At the moment, certain things are covered by UK-wide acts of Parliament and can be dealt with in a number of places. However, assaults or whatever have to be dealt with where the act took place.
So if an Englishman, a Welshman or an Irishman, as the story goes, committed a criminal act in Scotland, they would be prosecuted in Scotland because the crime took place in Scotland.
Yes.
We have sorted that bit out. What about the business of being habitually resident? If a person from Scotland commits a crime in England—
And they move here.
No, they stay here—they are habitually resident. If Her Majesty's Revenue and Customs has them as habitually resident here but they commit a crime in England, can they be prosecuted in Scotland?
No, not just now. To go back to sexual offending, a good example would be where somebody who ends up in Scotland has committed an offence in England and an offence in Scotland. We have had cases where there was insufficient evidence in either jurisdiction to prosecute the person unless we took the two offences together. The bill will allow us to apply the Moorov doctrine and prosecute the person in Scotland for the totality of their acts. As you will probably know, there have been serial murderers whose victims were found in different places, so we had to have different trials and all the rest of it.
So we do not need the Moorov doctrine now. What you are saying is that if the person—
No, we still need the Moorov doctrine.
But not if the bill is implemented.
No, we would be allowed to use the Moorov doctrine in connection with an offence in England that was corroborated by an offence in Scotland. We would be able to prosecute that, whereas at the moment neither England nor Scotland would necessarily be able to prosecute it.
Now, here is the third difficult question.
I hope that I can answer it.
I do not know whether I know what I am asking. If someone who is habitually resident in Scotland does something in England that is not an offence in England but would be an offence in Scotland, can they be prosecuted?
I hesitate to answer—it would probably be better for the bill team to respond to that—but I do not think so. I do not think that that is what the bill is trying to get at.

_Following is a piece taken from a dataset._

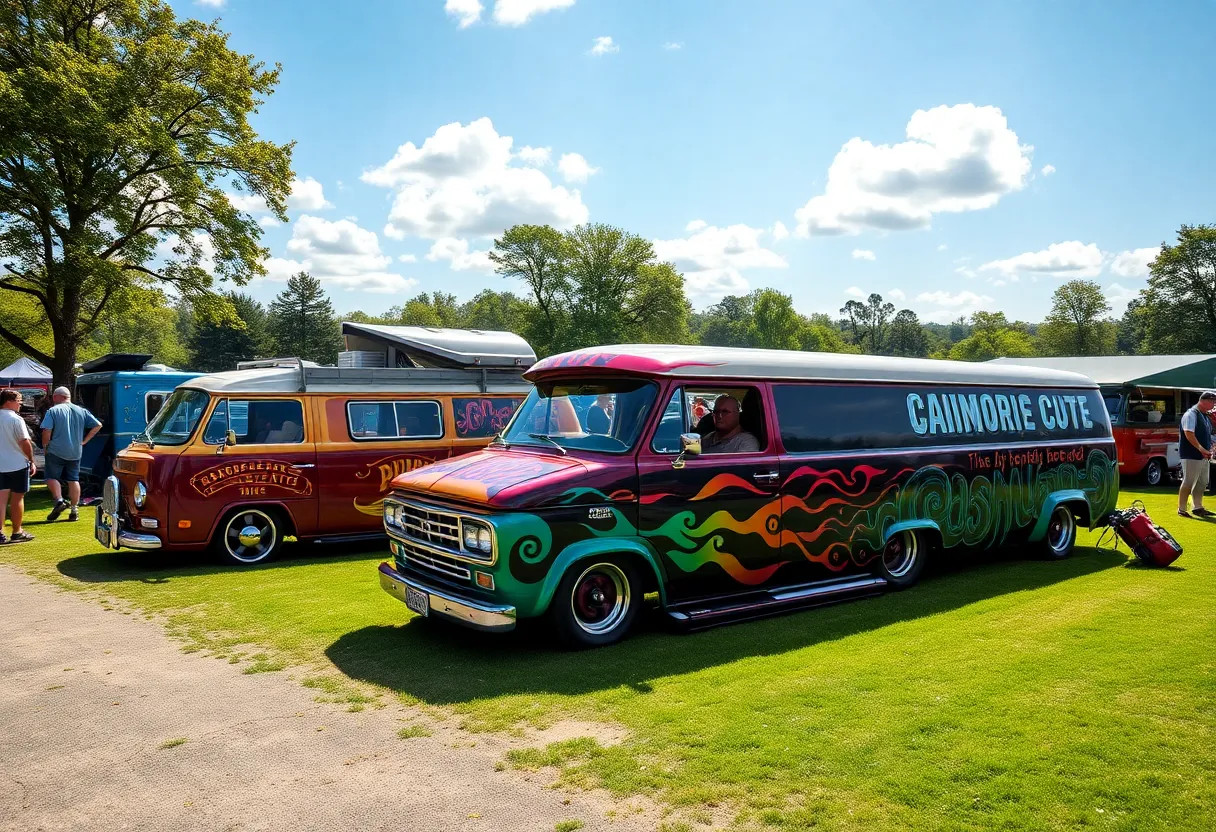 A variety of custom vans displayed at the Bring Your Own Boogie Truck-In event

I was just thinking about transmitted images and so on. It might be an offence in Scots law for certain images to be transmitted, but if they are only seen by or sent to someone in England, could the person in question be prosecuted? That is the question.
I do not think so.
Anyway, I have asked the question. Perhaps someone will explain.

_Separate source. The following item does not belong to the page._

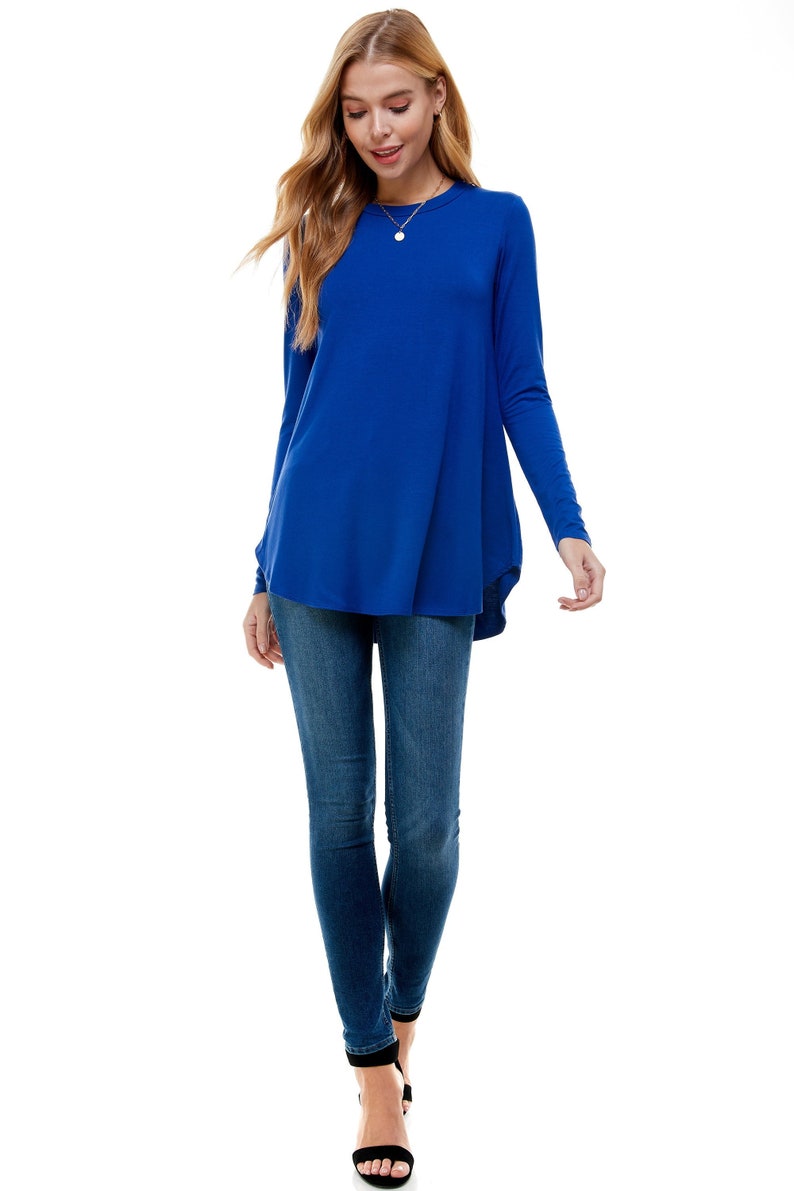 tunic tops for leggings long sleeve Crew Neck Soft Tunic Top Curved Hem tshirt women trendy image 2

No great difficulties will be posed for the investigative side of things, as we already have a close working relationship with police forces in the other parts of the United Kingdom.

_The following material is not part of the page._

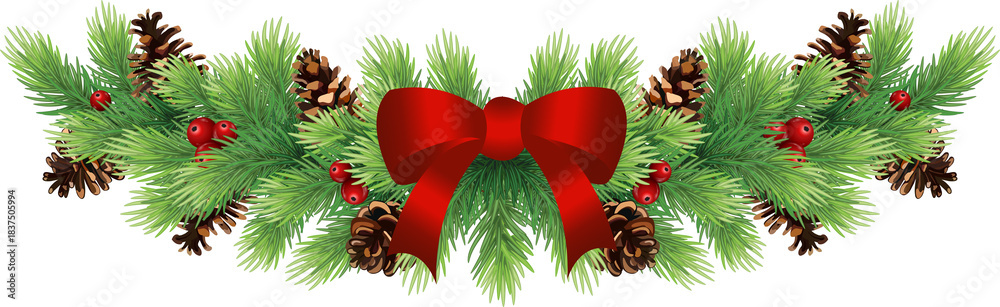 Fototapeta premium Festive green garland of pine, red berries, mistletoe, holly and pine cones. Decorated with trinkets. Transparent, png.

Operation hydrant, which was mounted in 2014 and covers the whole of the UK, looks at the reporting of non-recent child sexual abuse either by persons of public prominence or in an institutional setting. As part of that operation, live and on-going investigations across the whole of the UK, including investigations in the Channel Islands and investigations that Ministry of Defence police are undertaking, are also being looked at in order to join the dots. In relation to an individual who moves around the country, we might have an on-going investigation in Scotland while a similar investigation is going on in other parts of the UK. The question is how we join the dots in that respect. Unfortunately, we have experienced difficulties when we have not been able to use mutual corroboration, and the expectation then is that a victim will be put through two different trials in two different jurisdictions. I might say that seven investigations are on-going, when in fact other investigations are going on that meet those criteria of being non-recent, involving people of public prominence or involving an institutional setting.
As far as Police Scotland is concerned, we might need clarification of whether the provisions will be retrospective. We expect that with on-going inquiries, such as the Goddard inquiry in England and Wales and the public inquiry in Scotland, there will be more cases involving investigations by police forces across the UK.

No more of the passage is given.